Dear Readers,
As humanity is approaching its third year under COVID-19, the virus’s grim day-to-day toll is becoming increasingly clear. By the end of 2021, over 5 million people will have died from the disease and many are continuing to die on a daily basis. The world has not even yet begun to count the psychological fallout from the disease, as only glimpses of it have become visible so far: children left behind in their schooling, depression among teenagers unable to socialise; students prevented from having campus experiences; parents at the end of their tethers because of closed schools and kindergartens; family members unable to see each other for years on end. Among survivors, “fatigue” is the most common words to be heard.
Other words, unknown a few months ago, have become pedestrian, as we are all becoming (linguistic) epidemiologists: Delta and Omicron mutations, booster vaccinations, 2G, 3G, 3G++. The advantages and disadvantages of heterologous and homologous vaccinations, of mRNA vaccines vs adenovirus vector vaccines versus inactivated virus vaccines are broadly discussed. Additionally, rules and regulations change on a daily basis, and travel plans are more a guessing game than anything else. Under the reign of social media, discussions taking place oftentimes become heated and accusatory, rather than reflected and scientific. As the former spill out onto the streets, people are injured and killed. The virus is political.
Journal Articles
IJCS’s current issue pays a small tribute to this situation; in a larger expose, entitled “Screen Ontologies or Teaching the Virus a Lesson: A Few Things that Work in Online Education and a Few that Don’t”, the situation of accelerated online education is discussed. The article states that despite the fact that there were few alternatives to such online teaching, its necessity at the time should not supress necessary criticism of distance education in general. In particular, the teaching situation via screens is discussed and older philosophical and social criticisms of television culture and reintroduced and updated in order to expose the limits of screen education in particular and screen cultures in general. Finally, new ways of distance education are sketched that would usher in a post-screen education model.
https://doi.org/10.22492/ijcs.6.2.01
Note: Every effort was made to minimise any bias in the review process of this paper. Another editor, Dr Joseph Haldane, handled the double-blind peer review procedure independently of the editor and author of this paper.
The second article, “Is There a Correspondence Between “Orientalism” and The Orient? – Said, Dyson and Sen” by Amitabha Gupta, revisits Edward Said’s seminal Orientalism work and, from the vantage point of 40 years after, explains how especially the work of Sen is able to provide a more fruitful approach today by circumventing some of the by now problematic premises Said relied on
https://doi.org/10.22492/ijcs.6.2.02
Naeim Sepehri’s “Psychological Effects of the Architectural-Space: Decorated Mirror-tile Artwork-A Phenomenological Approach”, discusses the usage of mirror shards in the interior decoration of palaces and mosques in Iran.
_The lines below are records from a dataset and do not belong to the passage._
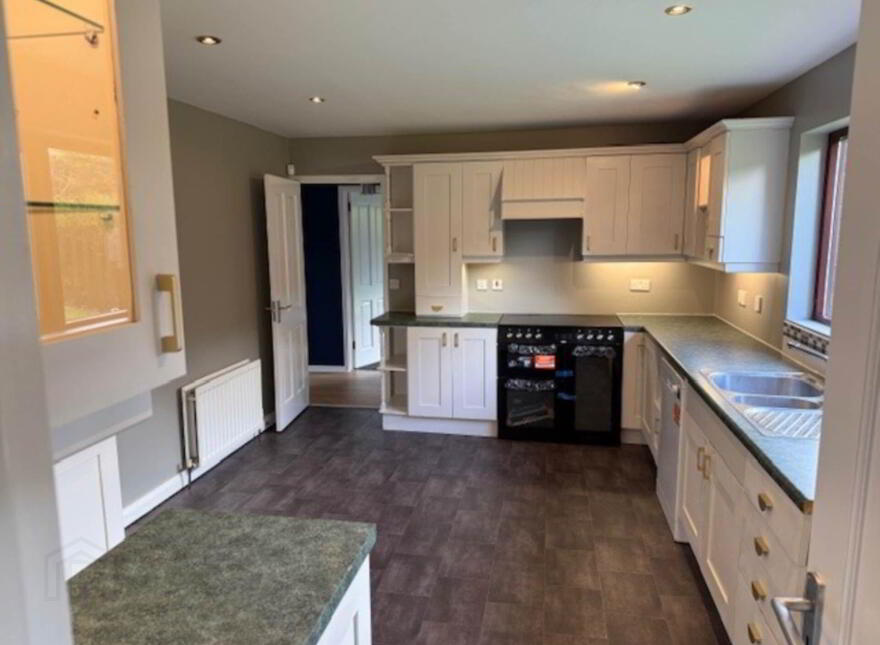 14 Greenwood Park, Carrickfergus, BT38 7UW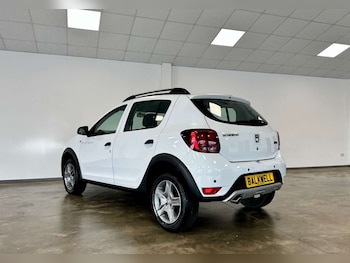 Used Dacia Sandero Stepway 2017 for sale - 77149532: Photo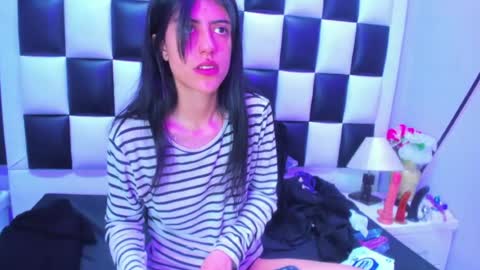 morganasmit_ online show from July 11, 2:53 pm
He historicises this architectural feature and, with the help of recent psychological theories, demonstrates how such architectural approaches have become deeply engrained in the aesthetic of Iranian historical national narratives.
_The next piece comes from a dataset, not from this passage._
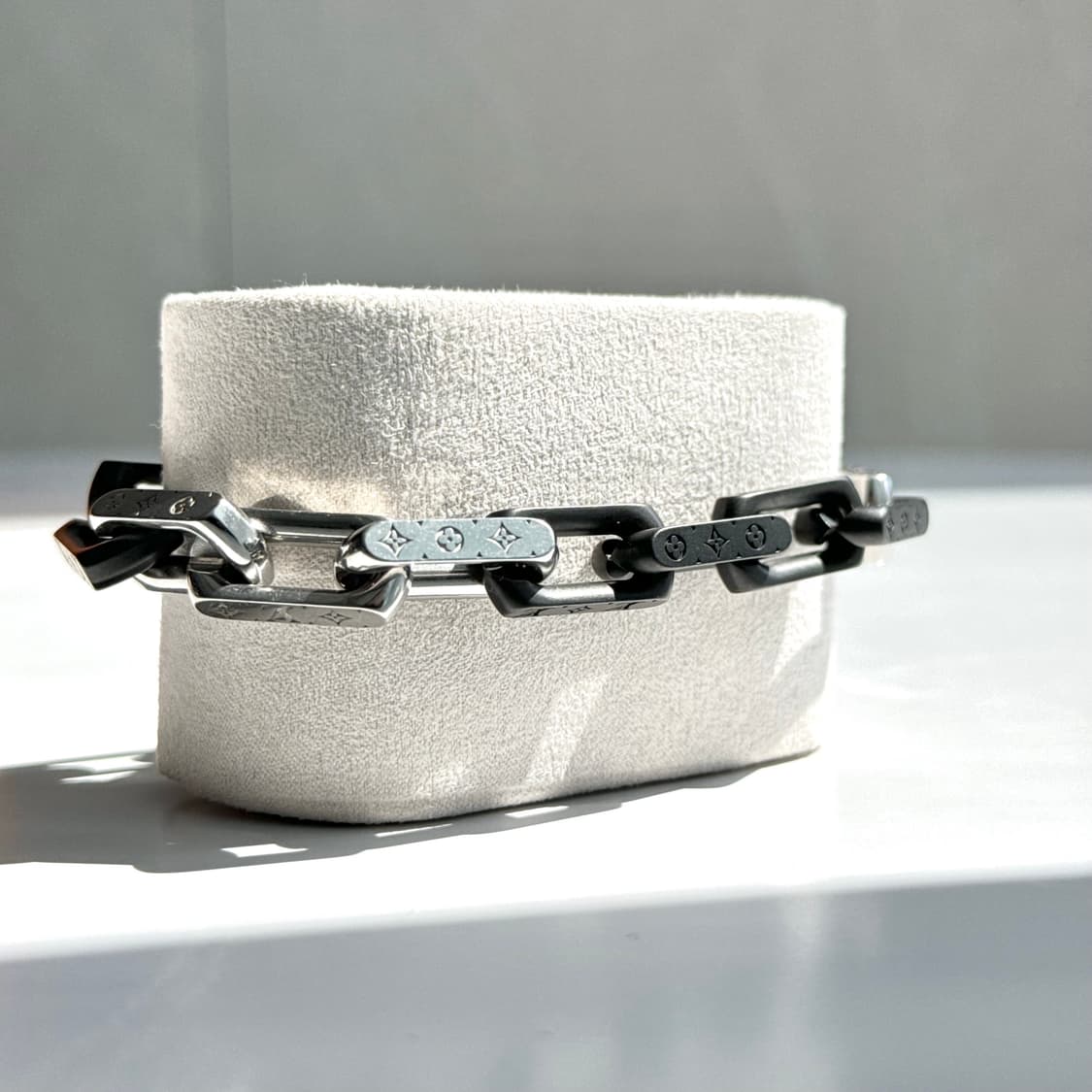 루이비통 버질아블로 팔찌 블랙 화이트 한정판  상품이미지4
https://doi.org/10.22492/ijcs.6.2.03
“Innovation in Cultural Heritage Preservation in Taiwan: Lessons for Indonesia?” by Riela Provi Drianda, Laila Zohrah and Adiwan Fahlan Aritenang contrasts and compares cultural heritage politics and their implementation in Taiwan and Indonesia respectively. While the two cultural communities follow divergent politics of heritage conservation, the authors illustrate that many of the challenges faced by cultural heritage preservation actions, such as rapid development, profit maximisation, lack of political will and funding, and a host of others, are common to preservation efforts around the globe. Preservationists can learn from each other’s experiences, and while local givens, such as weather conditions, might differ, all preservation efforts share a number of commonalities which can best be explored together.
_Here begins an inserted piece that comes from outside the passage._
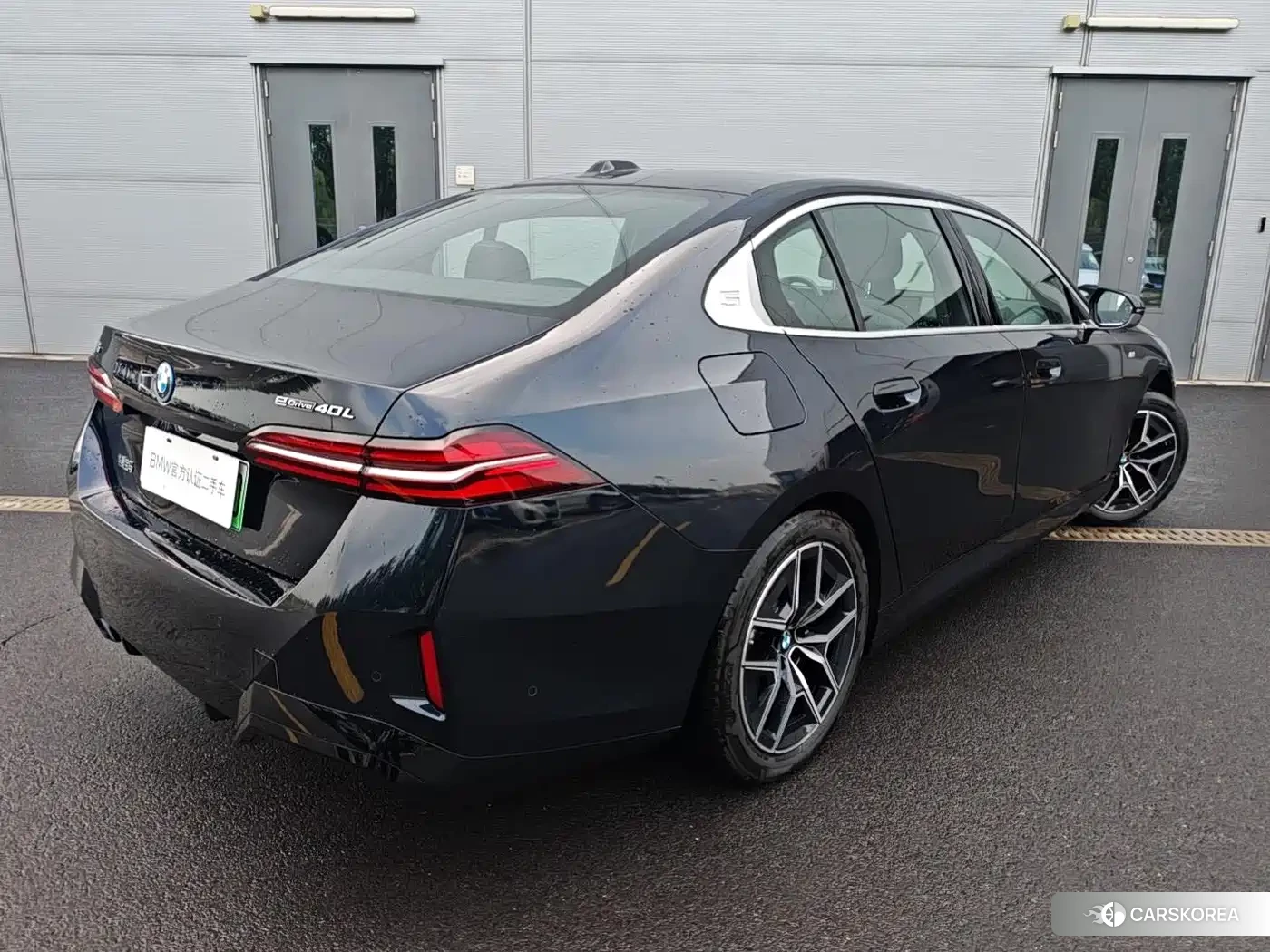 BMW i5 2025 Черный из Китая, фото 3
https://doi.org/10.22492/ijcs.6.2.04
Finally, Xiaolong Zhang’s “Media Power: Cigarette Package Design in China” explores the conflicting messages cigarette package design is sending: On the one hand, as in many other countries, the cigarette pack is supposed to alert its users that smoking kills; on the other, it is supposed to attract users to exactly this habit. Zhang traces this conflict to the differing political and economic messages being sent by the authorities. For one, tax revenues from cigarettes are an import economic factor, as are jobs in the tobacco industry; for another, the long term costs of smokers’ health-care costs have recently begun to be higher than tobacco’s economic benefits. Up to here, the Chinese situation does not seem to be so much different from the rest of the world. But Zhang shows that in China there is a strong cultural element at play that is different from other countries, and that is the social component of smoking. Via focus groups, Zhang demonstrates that smoking is variably used to exhibit status, masculinity and relational sociability. It is these features that make anti-smoking campaigns even harder to run in China than elsewhere.
https://doi.org/10.22492/ijcs.6.2.05
Happy reading, please stay healthy and enjoy this issue of the IAFOR Journal of Cultural Studies!